→ GOAL OF THE EXERCISE: Your answer must consist of the lines running from the one that holds "Twin set con ricamo - Azzurro" to the end of the data, copied exactly.

Web page caption snippets:
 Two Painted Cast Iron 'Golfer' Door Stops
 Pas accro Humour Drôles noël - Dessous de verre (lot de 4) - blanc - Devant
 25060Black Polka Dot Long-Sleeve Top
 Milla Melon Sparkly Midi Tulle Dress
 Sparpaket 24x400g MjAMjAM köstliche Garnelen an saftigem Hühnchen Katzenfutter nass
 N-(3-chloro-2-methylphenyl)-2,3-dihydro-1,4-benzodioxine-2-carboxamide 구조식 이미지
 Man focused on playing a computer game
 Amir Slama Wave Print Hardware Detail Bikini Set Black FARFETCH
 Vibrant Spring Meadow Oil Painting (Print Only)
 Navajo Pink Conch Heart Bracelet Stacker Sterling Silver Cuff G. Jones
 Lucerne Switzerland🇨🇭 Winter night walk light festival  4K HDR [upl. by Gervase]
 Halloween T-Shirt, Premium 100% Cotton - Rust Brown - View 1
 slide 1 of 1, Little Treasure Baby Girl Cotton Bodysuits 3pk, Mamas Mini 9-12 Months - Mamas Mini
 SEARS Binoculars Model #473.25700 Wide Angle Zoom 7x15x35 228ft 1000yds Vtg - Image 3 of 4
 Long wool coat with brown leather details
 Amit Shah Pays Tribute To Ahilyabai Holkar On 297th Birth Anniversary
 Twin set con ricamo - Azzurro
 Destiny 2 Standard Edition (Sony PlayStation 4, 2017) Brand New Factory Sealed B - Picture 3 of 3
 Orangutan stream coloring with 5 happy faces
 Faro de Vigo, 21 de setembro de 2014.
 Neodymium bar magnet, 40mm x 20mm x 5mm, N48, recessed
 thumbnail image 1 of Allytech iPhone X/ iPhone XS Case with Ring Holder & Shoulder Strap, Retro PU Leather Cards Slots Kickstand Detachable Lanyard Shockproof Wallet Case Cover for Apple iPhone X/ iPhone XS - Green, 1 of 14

→ RESULT FOR THIS EXERCISE:
 Twin set con ricamo - Azzurro
 Destiny 2 Standard Edition (Sony PlayStation 4, 2017) Brand New Factory Sealed B - Picture 3 of 3
 Orangutan stream coloring with 5 happy faces
 Faro de Vigo, 21 de setembro de 2014.
 Neodymium bar magnet, 40mm x 20mm x 5mm, N48, recessed
 thumbnail image 1 of Allytech iPhone X/ iPhone XS Case with Ring Holder & Shoulder Strap, Retro PU Leather Cards Slots Kickstand Detachable Lanyard Shockproof Wallet Case Cover for Apple iPhone X/ iPhone XS - Green, 1 of 14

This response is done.